Cloud Engineering

Zero-touch deploys to AWS with GitHub Actions

How we wired OIDC, infrastructure as code and gated environments so a merge becomes a safe production release.

Shipping should be boring. The goal of our production path is simple: a reviewed merge should trigger tests, build the artifact once, and promote it through AWS without a human copying secrets into a terminal.

The shape of the pipeline

We use GitHub Actions as the entry point, short-lived AWS credentials through OIDC, and account-scoped IAM roles with the smallest deploy permissions each workflow needs. The app build is deterministic, the infrastructure is declared in code, and production deploys are gated by protected environments.

What matters most

Long-lived access keys are the first thing we remove. OIDC means every workflow run proves its identity to AWS and receives temporary credentials for only that run. That gives us traceability without secret rotation drama.

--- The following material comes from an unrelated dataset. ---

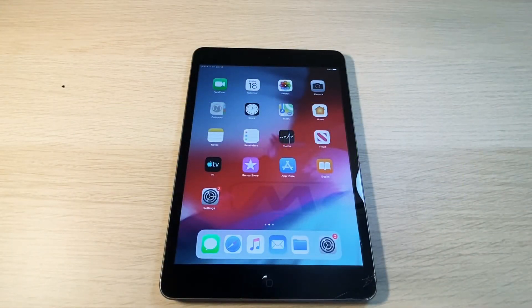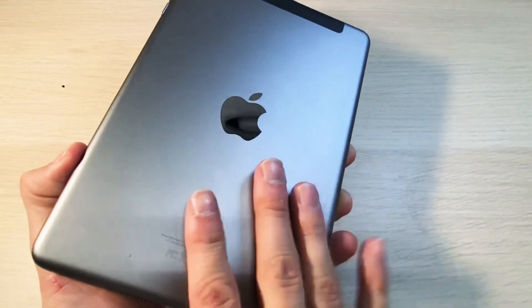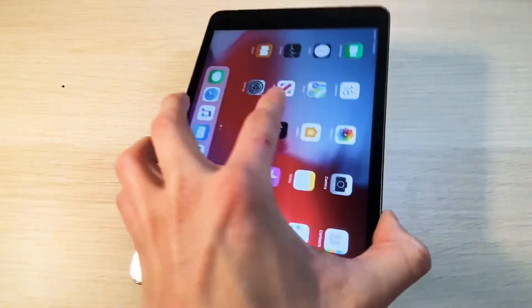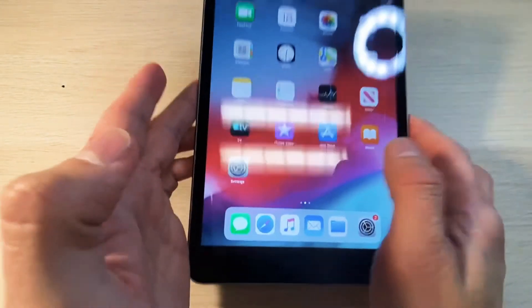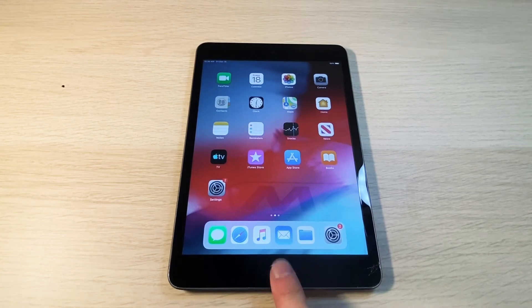Hello YouTube and welcome back to iTechSupport. In this short video I will be showing you how to reset the RAM on your iPad. I'm going to be showing you on an iPad mini second generation, but the steps will be the exact same on all other iPads that have the home button.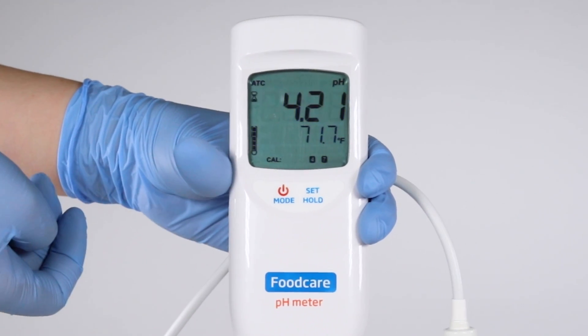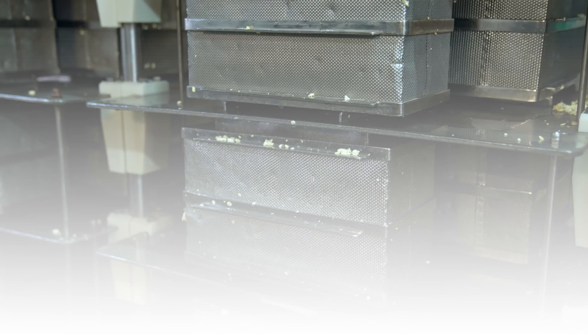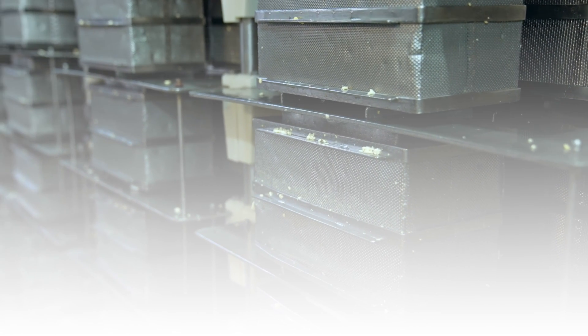Real-time results can flag when a problem arises right away, preventing unnecessary waste of product and time.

The second guardrail is environment separation. Preview, staging and production should not be branches with wishful naming. They need separate AWS resources, separate permissions and clear promotion rules.

Our deploy checklist

  • Build and test before any AWS mutation.
  • Pin deployment roles to repository, branch and workflow claims.
  • Keep production approval explicit.
  • Emit deploy metadata so support can answer “what changed?” quickly.
  • Roll forward with small changes instead of hand-editing cloud state.

This is the same mindset we apply to customer platforms: automate the happy path, remove credentials from laptops, and make production changes observable.